> _EXERCISE BRIEF_: From the data that follows, set down exactly the lines from the one with "Römer 13:4 poster (Ecke)" through the one with "Book Cover Design", counting both. Pictures stay out.

> _TASK DATA_:
════════════════
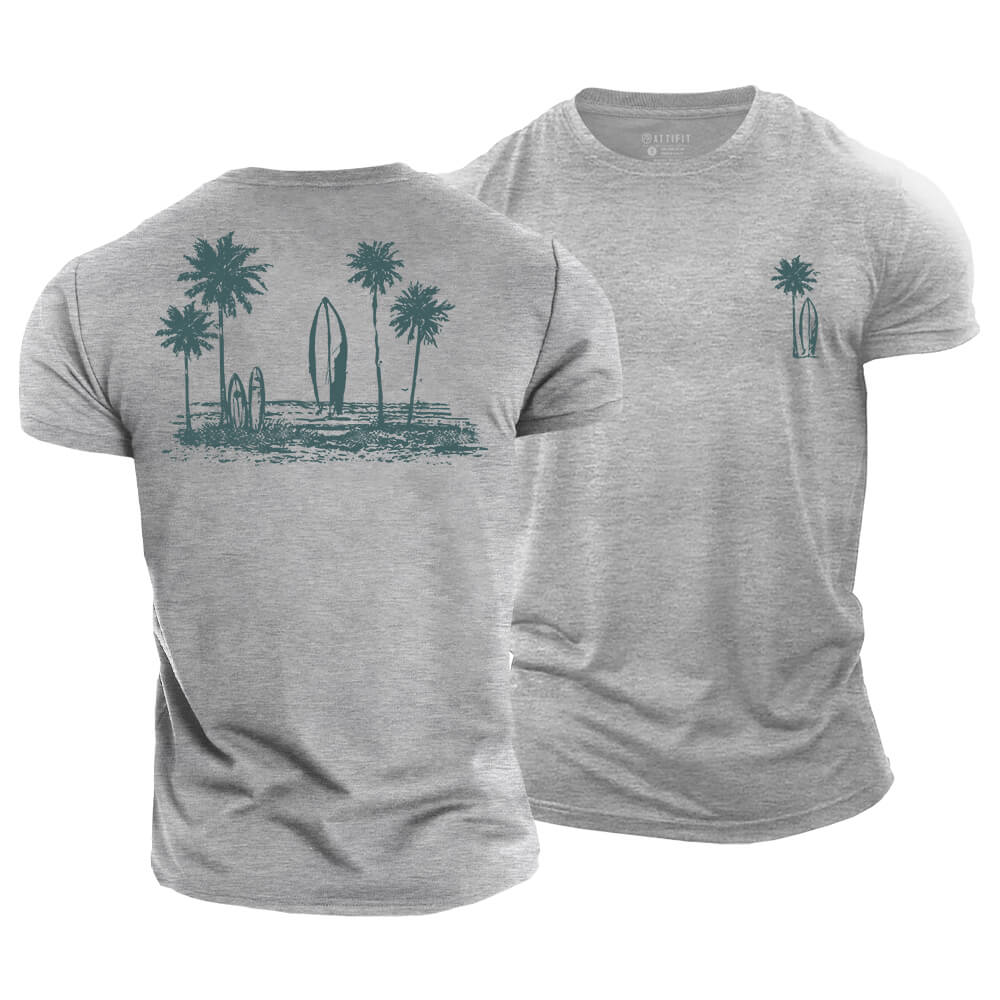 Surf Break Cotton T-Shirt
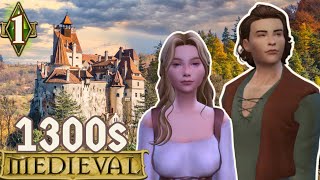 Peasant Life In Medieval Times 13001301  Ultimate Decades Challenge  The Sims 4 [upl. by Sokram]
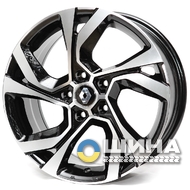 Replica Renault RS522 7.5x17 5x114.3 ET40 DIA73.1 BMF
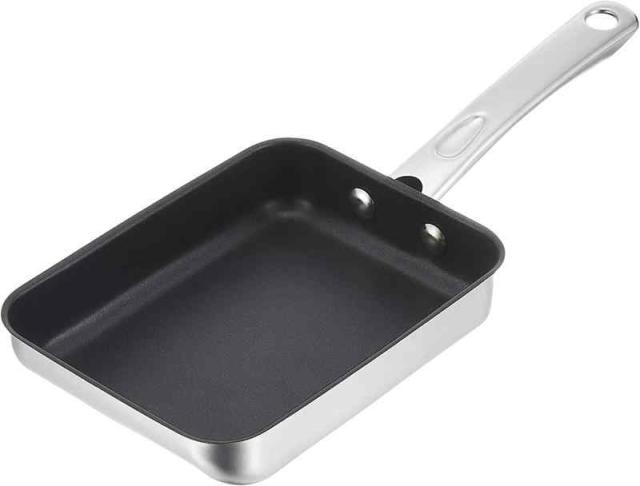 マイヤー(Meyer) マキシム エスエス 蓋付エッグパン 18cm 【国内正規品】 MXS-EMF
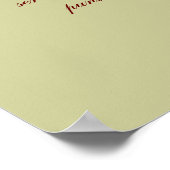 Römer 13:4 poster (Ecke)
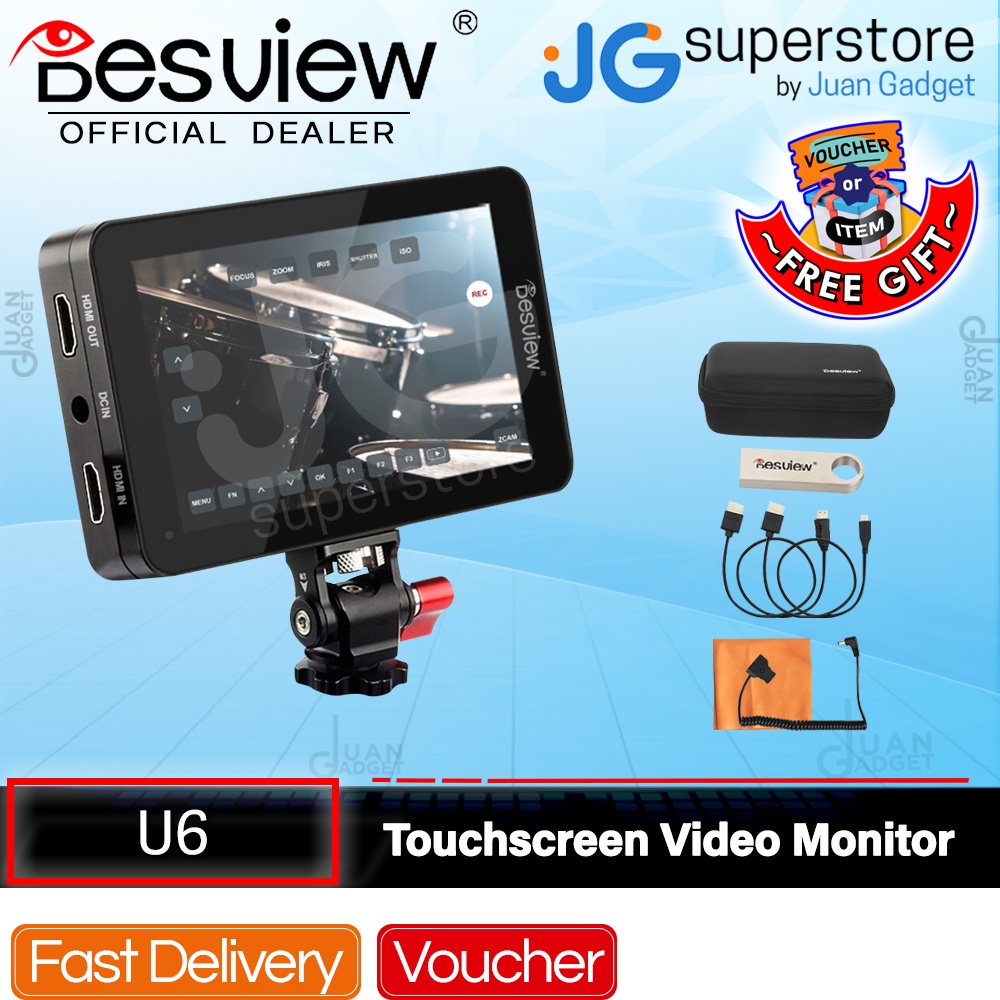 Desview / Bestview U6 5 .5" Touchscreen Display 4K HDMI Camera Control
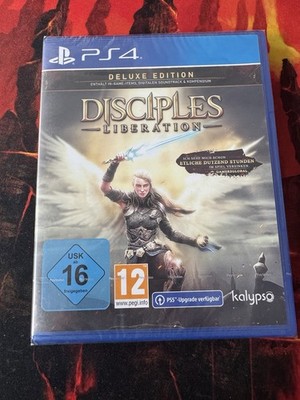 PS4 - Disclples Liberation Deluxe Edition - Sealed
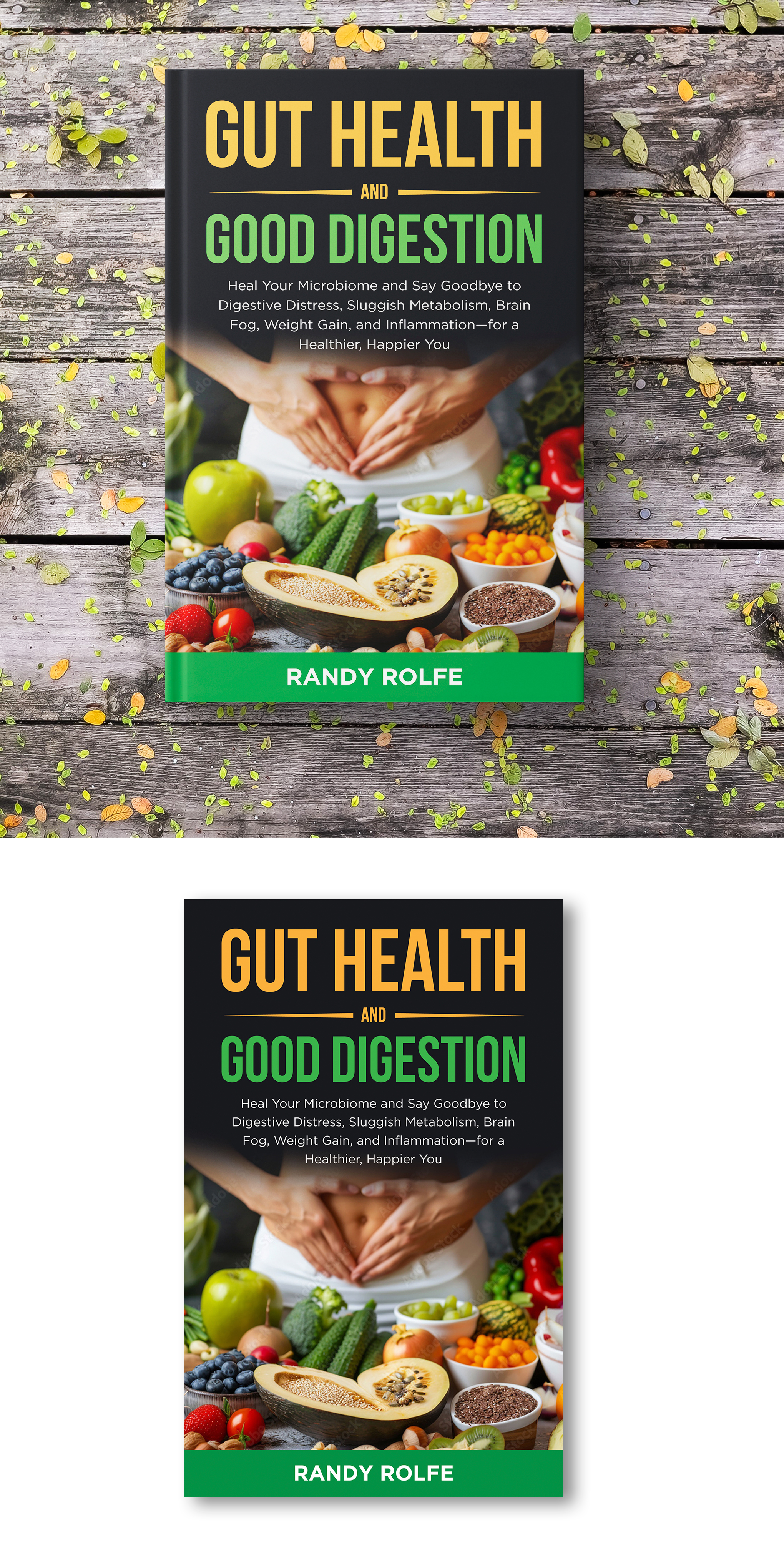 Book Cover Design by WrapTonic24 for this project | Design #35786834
════════════════
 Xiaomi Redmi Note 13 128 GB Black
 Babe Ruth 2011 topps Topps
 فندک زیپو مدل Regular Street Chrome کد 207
════════════════
> _YOUR SOLUTION_:
 Römer 13:4 poster (Ecke)
 Desview / Bestview U6 5 .5" Touchscreen Display 4K HDMI Camera Control
 PS4 - Disclples Liberation Deluxe Edition - Sealed
 Book Cover Design by WrapTonic24 for this project | Design #35786834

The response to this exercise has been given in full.